The picture framing business run by John F. Crave Jr. (1926-2010) was closed with his death, but the bay window storefront has been maintained by the family, as if the simpler-seeming Provincetown past that it embodies so poignantly could somehow be recaptured by just walking through the door. This noble old building is also adorned with a quarterboard from the Pequod, suggesting that Ishmael may have spent some of his retirement years here. (He actually could have, since this building was standing in the 1850s, according to the Historic District Survey, probably in use as a fish storage house.)

A century later, in the 1950s, this was the Knot Hole Shop, selling handmade crafts. After a series of owners, including Reginald and Meara Cabral, the building came into the hands of John Crave Jr. and his wife, Jane L. (Austin) Crave (b 1933), in 1963. Crave was a founding member of the Provincetown Rescue Squad and a volunteer firefighter. His day job for nearly four decades was with Provincetown Light and Power, later Cape and Vineyard Electric, from which he retired as a service foreman. After that, he opened a framing shop. “He framed for many of the local artists and townspeople, working up until his death,” his obituary said. “He was also a great carpenter, and remodeled both his home and beach house.” (“John F. Crave Jr., Provincetown,” The Banner/Wicked Local, 25 March 2010.)

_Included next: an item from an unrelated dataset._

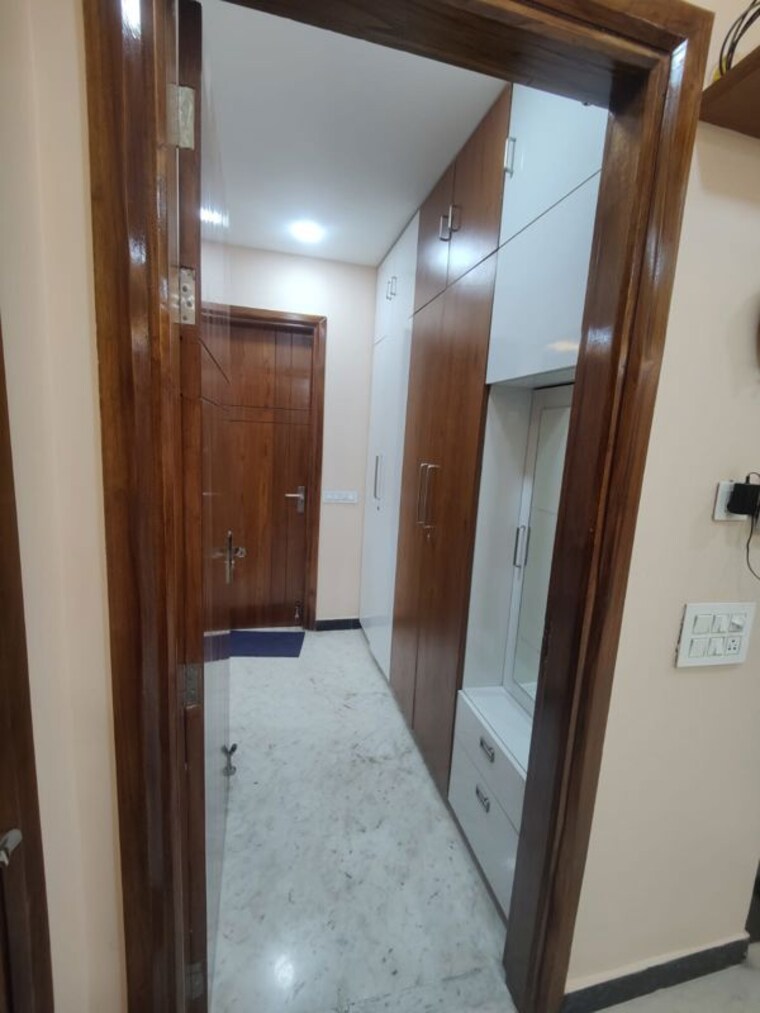 Room, sector 45 3 Bedroom 2200 Sq.Ft. Builder Floor In Sector 45 Gurgaon 10372440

Among their summer guests in the mid-’60s, the Craves included the artists Sigmund Laufer (1920-2007) and his wife Miriam Laufer (1918-1980).


 

6 thoughts on “509 Commercial Street

  1. I am John’s daughter. Sadly ma passed away in July 2012.

    Thank you for putting in this picture of our family’s beach house and frame shop. Many happy memories there.

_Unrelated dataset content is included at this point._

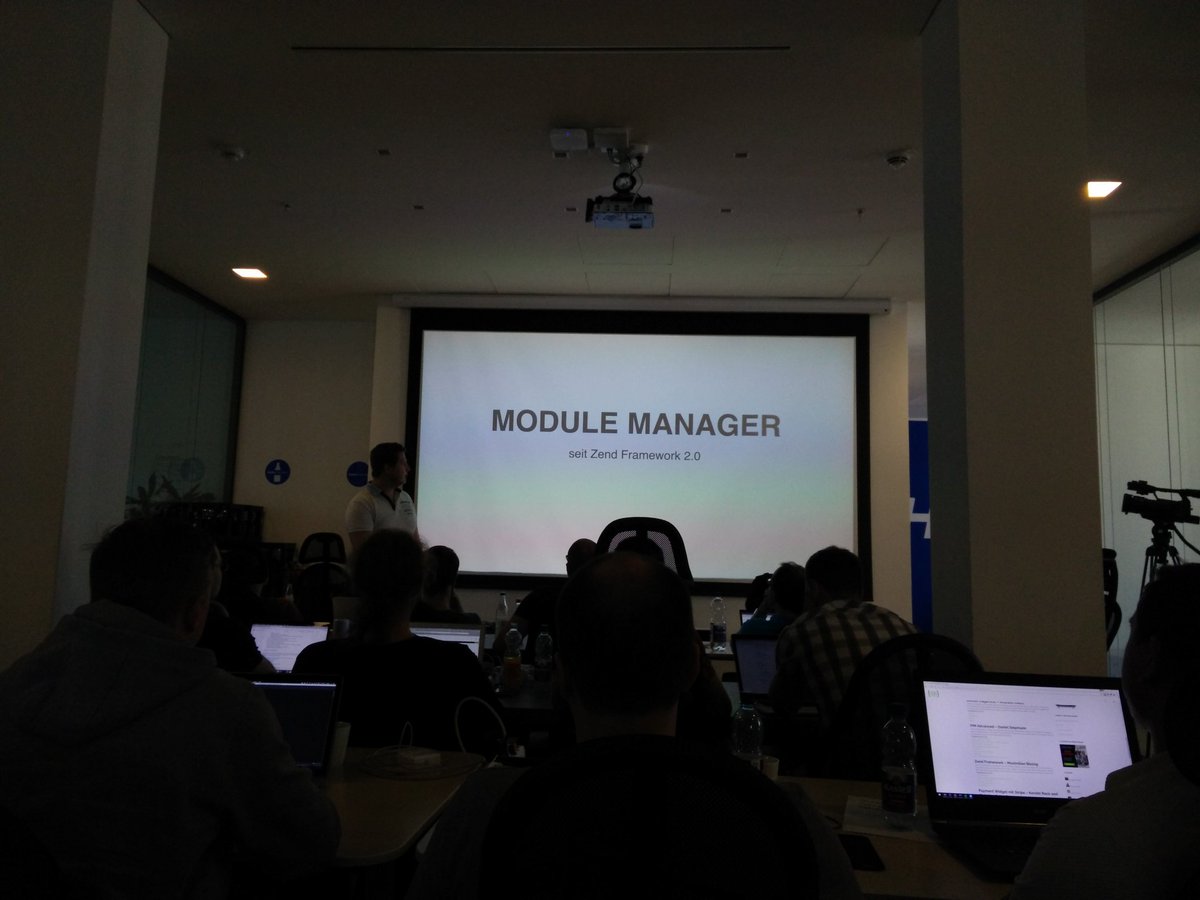 CodeMacher tweet picture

    I treasure this building and our home on Bradford Street, which was bought by my mother, Alice Matta Crave, in the 1940s. It was just a small A-frame home. My dad, John F. Crave Jr., built the home into what it is today.

    He also transformed this building into a two-family home with a frame shop in front. Going into the shop, I still feel his spirit and miss him. But I have wonderful memories of being in that shop and him telling folks: “Teaching my daughter the family business.”

  2. Sadly ma, Jane L. Crave (1933-2012), passed away on July 4, 2012. I am trying to maintain our home on Bradford Street and our two-car garage at 221 Bradford Street and our beachhouse/frame shop at 509 Commercial Street as they have been for years.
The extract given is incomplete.